JG: One of the main projects that launched this last year was the Clean Virtual Power Plant. Customers invest in solar and storage for resiliency; they’re able to keep going if the power goes down. Our innovation was to help these customers monetize their unused energy supply by selling it back to the wholesale market, bringing an underutilized supply back into the network and providing a new revenue opportunity for the customer. We worked in tandem with 3rd parties to design the technology that aggregated this supply with other customers and optimized when to sell and at what price point.
DC: How long does it usually take to get an idea to market?
JG: It sounds like it should be easy, but it takes a while. From the point of conception we go through a number of stages including approval, sourcing of partners, design and concept testing to finally getting something to market. I’d say it’s almost 15 months from conception to ‘assets in the ground’. I think we do have a great culture of experimentation though — we really want to try stuff out, see if it works and then learn from our successes and failures.
DC: How do you pilot your concepts?
JG: One of our challenges is that we operate in a highly regulated industry and we need to seek approval at each stage to test our ideas. So the way we get past this is to ring fence part of the network and use this as a ‘sandbox’ to test different initiatives. We use this to try out different alternatives without actually threatening the regular supply for our customers.
DC: What are some of the challenges you come across?
JG: In many cases there is a tendency for internal stakeholders to measure the idea against the existing core business model, which can be a challenge. It’s all too common for new, uncertain ideas to appear risky or more nebulous compared to the core, and therefore undesirable to some stakeholders including our regulator. However, if we always had to be convinced that the alternative is better than our existing business model, we might not do anything!
DC: So how do you move people past this thinking?
JG: We tend to flip the argument about the regulator on its head by trying to get ahead of the game. In almost every case, our company is in a much stronger position when we can go the regulator with ideas and lead the conversation instead of being forced to act. So we can usually reach a better outcome for both our company and our regulator this way — by targeting ideas that are on the regulator’s agenda, and piloting concepts that shape rather than follow this agenda.
DC: Where do you see innovation coming from in your industry?
JG: We’re in a world now where so much innovation is being led by 3rd parties.

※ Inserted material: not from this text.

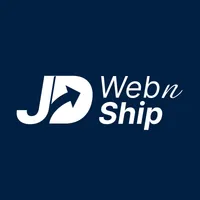 JD WEBNSHIP logo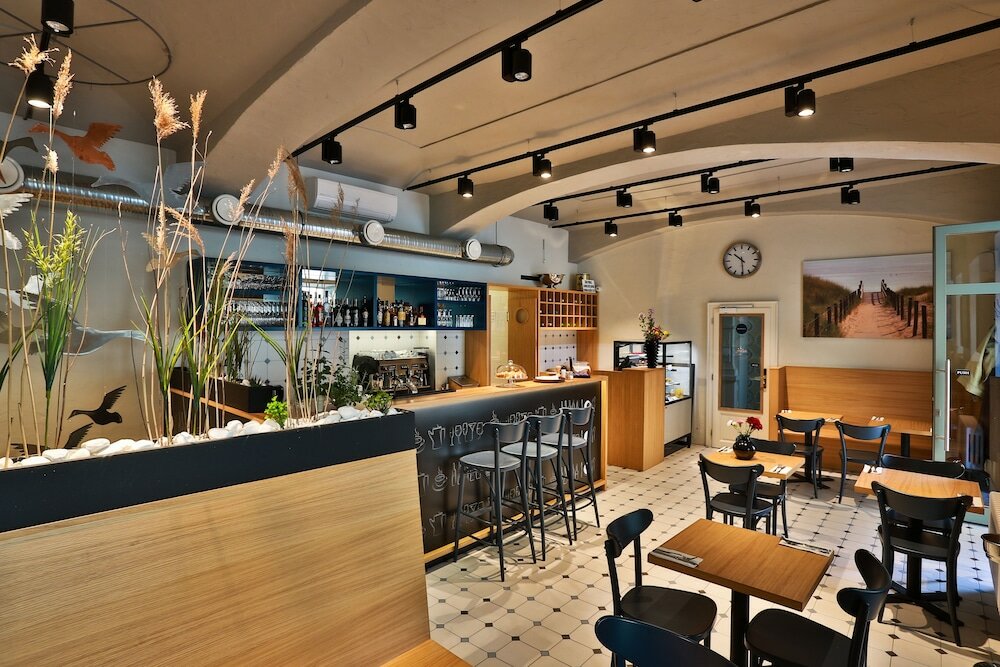 Фото James Hotel & Apartments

You just need to compare the size of our R&D budget against the investment going into startups in the energy industry — we don’t compete! So we’re really keen to take a best of both worlds approach, maintaining our approach to experimentation whilst leveraging and embedding the great things we’re seeing from externals.

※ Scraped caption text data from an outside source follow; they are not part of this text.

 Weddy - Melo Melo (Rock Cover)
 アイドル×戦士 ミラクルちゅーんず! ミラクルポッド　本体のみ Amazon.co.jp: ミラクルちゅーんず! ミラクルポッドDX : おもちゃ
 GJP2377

DC: What advice might you give someone in your shoes?
JG: One of the most critical things needed to succeed in my role is stakeholder management. There are so many different groups we need to manage, not just business leads, customers or regulators, but others 3rd parties like environmental groups. We also recognize that the customer we’re designing for may be very different from the ones we have today. We handle this by building a really broad cross functional design team covering a multitude of functions from R&D to customer operations, distribution, efficiency, etc, and bringing in different external groups into the process as and when we need. This cross functional and external approach means we get really valuable feedback along the way and keep people bought into the process.
DC: Are there any other skills you think are important?
JG: I think a team with genuine diversity of experience is really important. You need humility that you don’t have the right answer and you need to be able to leverage the skills of other people — both internal and external. Finally, I believe you need people around you that have a hunger to learn and stay up-to-date on what’s happening in the industry and to be able to bring the latest insights to the table.